After a week back with the clubs, they lifted the tempo as the season veered away from Killarney and turned towards Croke Park and now Cavan.
Two gentle introductory games in the province, then a big step-up against Cork in the Munster final, which they survived to shorten the workload.
The profile of their summer is working out in accordance with their best- laid plans.
"During the league, it's well documented that we had bad results and there were a lot of stern words spoken in the camp really," he admitted.
"We set a goal playing against Down that we'd go unbeaten for the rest of the year. We didn't know if three wins would keep us up in the league, but, thankfully, it did.
"We knew we had three games in Fitzgerald Stadium. Get over those three games and you then have potentially three games in Croke Park and we're facing into the first of them now," he pointed out.

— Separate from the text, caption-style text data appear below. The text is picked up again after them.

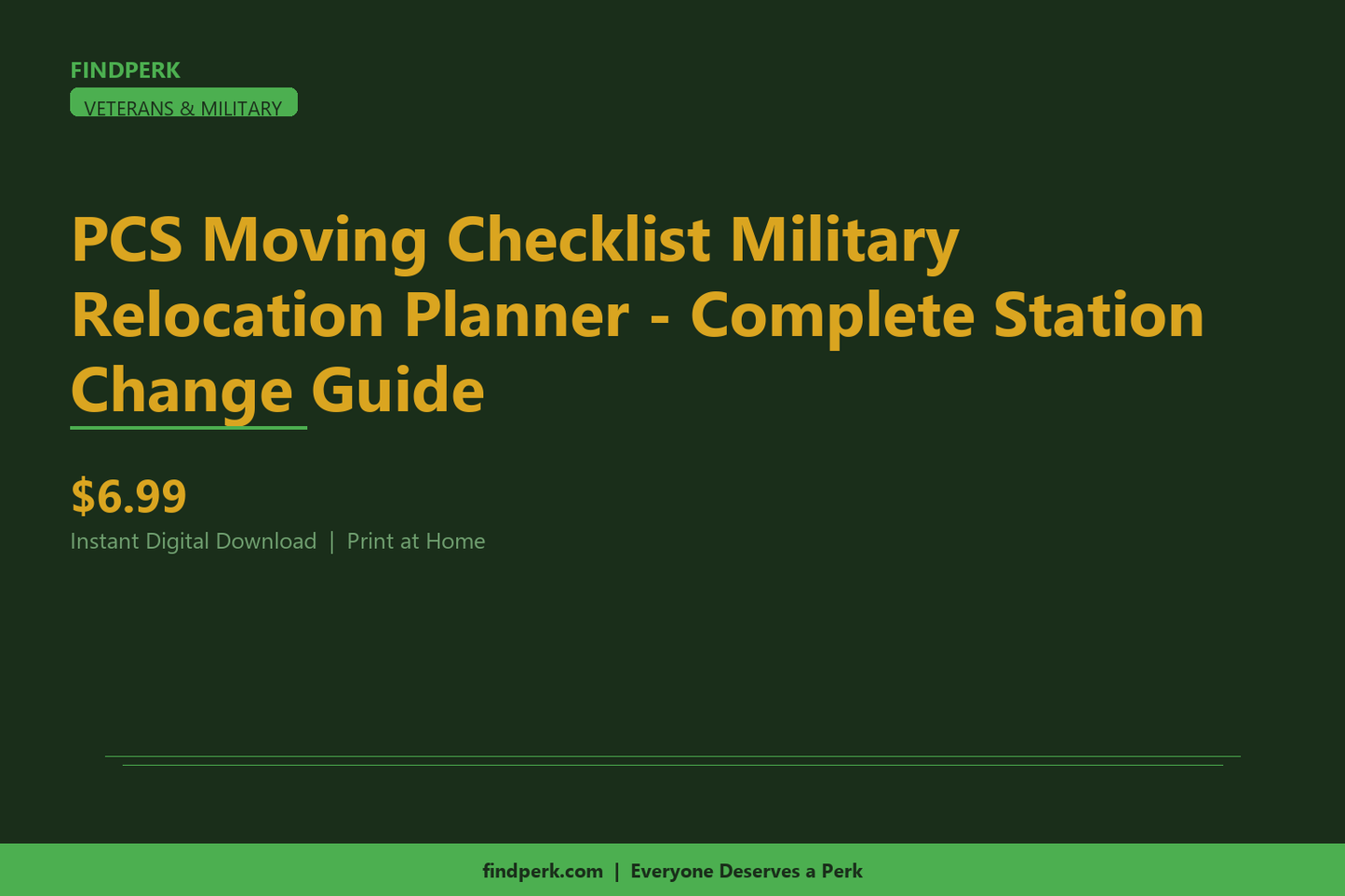 PCS Moving Checklist Military Relocation Planner - Complete Station Change Guide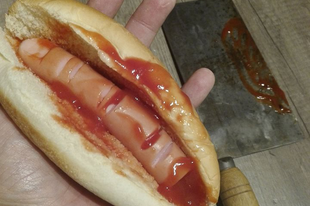Levágott ujj hot dog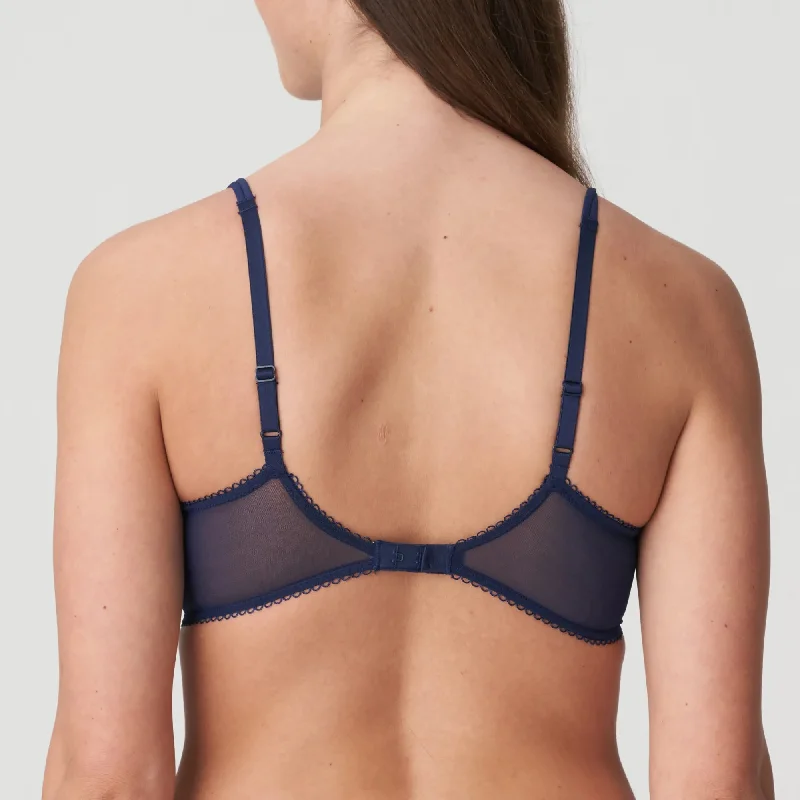 Marie Jo Etoile Soft Cup Plunge Bra in Sapphire Blue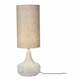 Kremno bela namizna svetilka s tekstilnim senčnikom (višina 75 cm) Reykjavik – it's about RoMi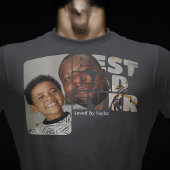 Aangepaste foto en tekst gepersonaliseerd beste pa t-shirt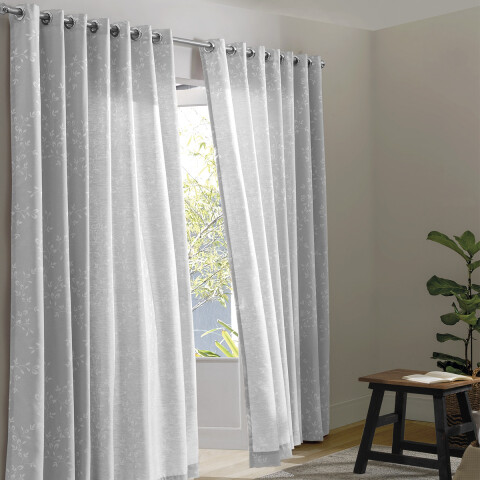 Pack x 2 Cortina Dohler Vivian 180 x 200 cm GRIS CINZA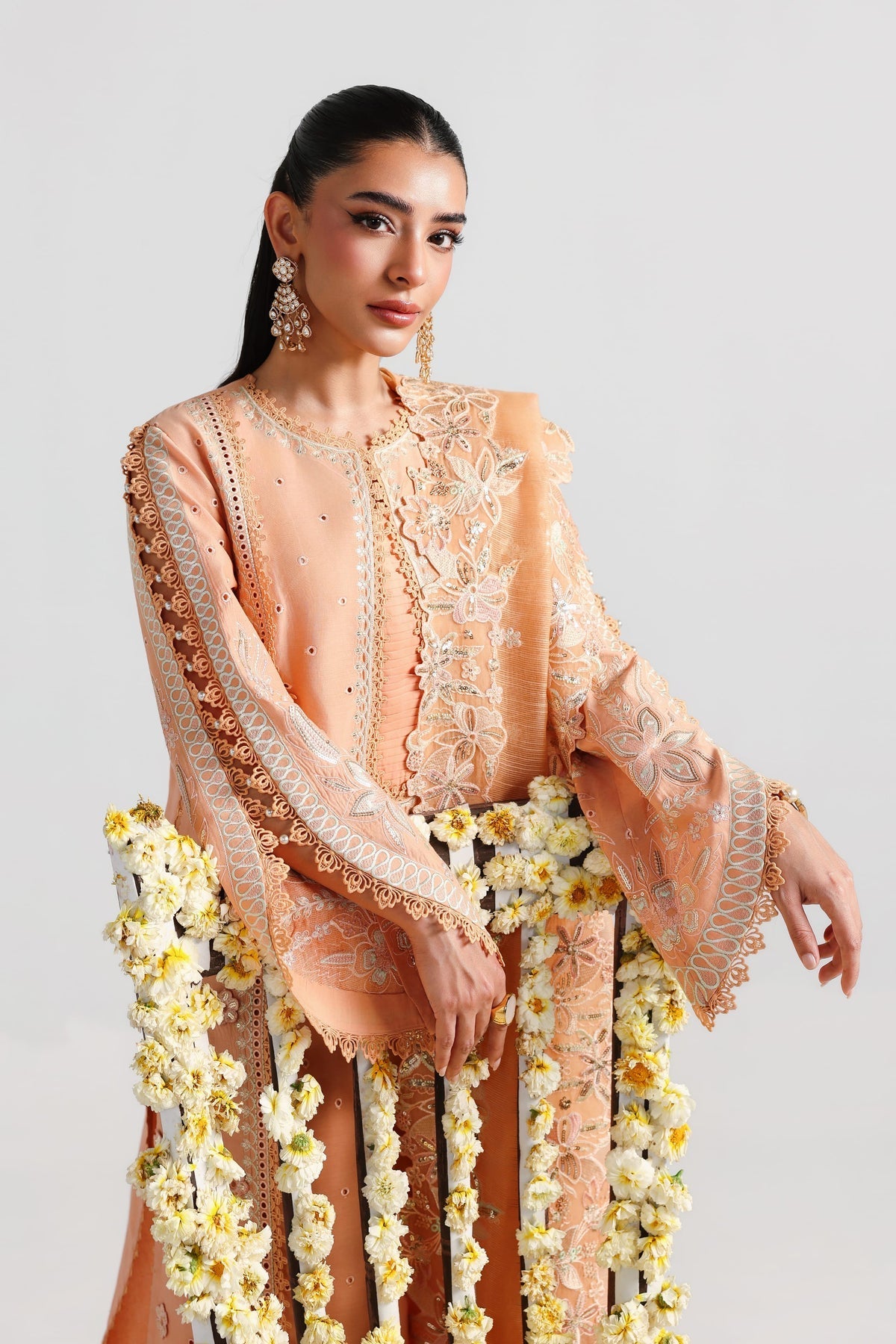 Akbar Aslam | Elan Luxury Lawn 26 | Ravina - Luxury Dress - available at Maria Faisal in UK and USA.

They've grown to appreciate those plans as the year has progressed, prompting Brosnan to crystallise the feeling of well-being.
"I would like to think that this Kerry team will be as well physically prepared as any Kerry team that's ever been at this stage going to face the Croke Park challenge.
"The team has trained very hard and every fella has bought in religiously to Cian O'Neill's programme. Whether it's the weights work done on your own or the onfield work, every training session is well organised and well-planned.
"There are two white sheets up on the board," he explained. "One tells you what jersey you're going to be wearing for training and the other tells you what the breakdown of training is and who is taking on the various segments, what the aim of that segment is and what the overall focus is on training for that night.
"You always know exactly where you stand. Certainly we're very well physically prepared. I've been involved since 2000 and I think this team is up there with the best physically prepared teams that have ever represented the county."
The detachment Fitzmaurice, as a former player, colleague, friend and even relation in one case, has been able to bring as manager has also impressed Brosnan, who has only lately shaken off the effects of a long-standing calf injury.
"He's very shrewd, one thing he'd always say is that he's open and if a player feels he's hard done by, he can pick up the phone to him and the management and they'll tell him where they think he can improve. They're very approachable in that regard.
"If he feels you're slacking, he'll tell you straight out; if he feels you're pushing for a place in the first 15 or the first 26, he'll tell you. There's a fairness about him.
"In a new set-up there's always a new approach and the players have bought into it. He expects high standards and in some sessions which have been going badly, those sessions have been halted and there have been f*** words thrown. Fellas know they're there for work."
Brosnan acknowledged that what happened in the second half of the Munster final was a "concern" that has since been addressed.
Kerry led by nine points at one stage, but six successive Cork points once more shone a light on Kerry's inability to preserve big leads, a common thread in their 2011 Munster final against Cork, the 2011 All-Ireland final against Dublin, the 2012 league semi-final against Mayo and even their last league game this year against Tyrone.
"What happened in the second half against Cork certainly is a concern to everyone in the camp," said Brosnan.
"You could really put the Tipperary and Waterford games aside, with no disrespect to them. But you're into the business end of the season now, when you're going to be playing top level teams.
"We've really only played one top level team so far and that game has given us worries, but we'd also like to think we've work done to address those worries and issues."
His involvement has been restricted to substitute roles, but for the first time this year, he feels he can make a more meaningful contribution.
"I've had four weeks injury-free training now and the body is certainly in a lot better shape and in a much better place than it was six or seven weeks ago."